Before moving on to the main focus of the book, if it can be called that, I must wonder what exactly was the purpose of Cathay and Billy's
Australian sojourn? I suspect that it was meant to show how a rebirth could be achieved, but it was not
interesting, and it didn't tie into the rest of the story except possibly as an analogy, and a weak one, at
that. After they decide to fall in love, they are dropped from the story.
Except for the last two pages, the last we hear about the Sun project takes place with more hate-mongering. It seems that even rational
scientists are susceptible, because the Mercury Sun station crew rebels, wanting to kill
the Sarpan who has been in cryosleep for nearly two hundred years. The action really held my interest, but the setup
seemed unreal, and it never amounted to anything except as fuel for Jephthah's
broadcasts. No thanks.
Meanwhile, what seems to set off a whole conflagaration is the discovery of a new sapient race, who are in the steam age. They are also
extremely violent. When word leaks out through Jephthah about the nature of these new aliens, it threatens to destroy the whole Empire.
Eric institutes a blockade of the planet, sending his sons and Adela to enforce and study it.
Much of this was very interesting, especially in the interaction between the scientists. I really liked Gareth Anmoore, and was glad to see
that he had such a smart head on his shoulders. Unfortunately, they find yet another sentient race on the planet's moon, buried deep inside. The
actual discovery was very well done, but then the authors try and describe minute details about the spheres, every little action they
take, and what-if hypothesis, that left me wanting to skip forward several pages. I was not interested in these aliens in the slightest.
To make matters worse, they don't colonize planets the way we do -they clone their colonists, and develop an entire society that way. The
primitive aliens were supposed to be their clones, except that an accident destroyed the personality-programming ship. So when they
reveal that they want to help human society, they create clones that look like humans, which they say will make working with these bodies
easier because of the xenophobia. But that is completely wrong. In fact, letting humans know
that these aliens can impersonate anybody would make the anti-alien sentiment worse. The worst case is the creation of a Javas clone for
Adela. He serves no purpose except to get Adela upset, and is killed by Jephthah anyway.

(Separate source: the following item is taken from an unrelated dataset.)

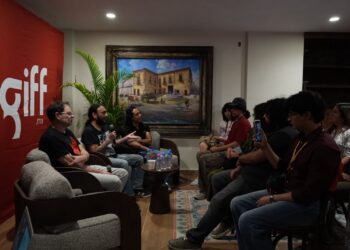 Pablo Ignacio Jofré presenta libro sobre futbol y cine, acompañado por Carlos Cuarón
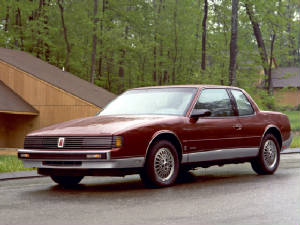 OLDSMOBILE_TORONADO/1987oldstoormaroon.jpeg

Jephthah is smart enough that he killed and impersonated an elite Imperial protection agent, who all have secret
identities that even their colleagues don't know. They were created for the express purpose of
preventing what happened when Eric was young, and almost killed. But here, the secrecy backfires, as nobody knows that one of the agents has
been replaced. The authors take every chance to let us know when Jephthah is around, just to make us worry. I worried by the end that
the authors were taking too much time to set up his plan. It felt like reader manipulation to me.
So when Eric arrives at the alien planet, as he must inevitably, Jephthah sees his chance. Eric allows him to destroy several alien
airships before taking any action. Sure, he probably would have gotten himself killed, but I'm sure he could have stopped
Jephthah. And Anmoore's excuse to get back inside the shuttle felt really forced.
Eric and the others were stupid in not taking the chances when they were presented. But
Jephthah deserved his fate when he was finally killed. Moments after telling Adela that he was not stupid enough to leave a
working weapon on the shuttle (and Adela was stupid not to check the charge in the first place), he crawls underneath the shuttle, which he
knew Eric had full control over via his brain implant. As a side note,
how did Jephthah get the other security agents under his control? Were
they his agents who followed his example and foiled these supposedly
unassailable bodyguards? Or were they corrupted to his cause on its own
The end is barely worth mentioning, as Eric relinquishes the throne and creates a commonwealth between humans, Sarpan and the new clone aliens
from near the galaxy's core. Ah, yes, and the project to save the Sun is completed, almost as a footnote.
There were lots of wasted opportunities in this book. Strangely enough, it held my interest
throughout most of it. Unfortunately, there were way too many moments that I was crying foul! Enjoyable, but not great, by any
means. I liked the characters, but the story was way too aimless.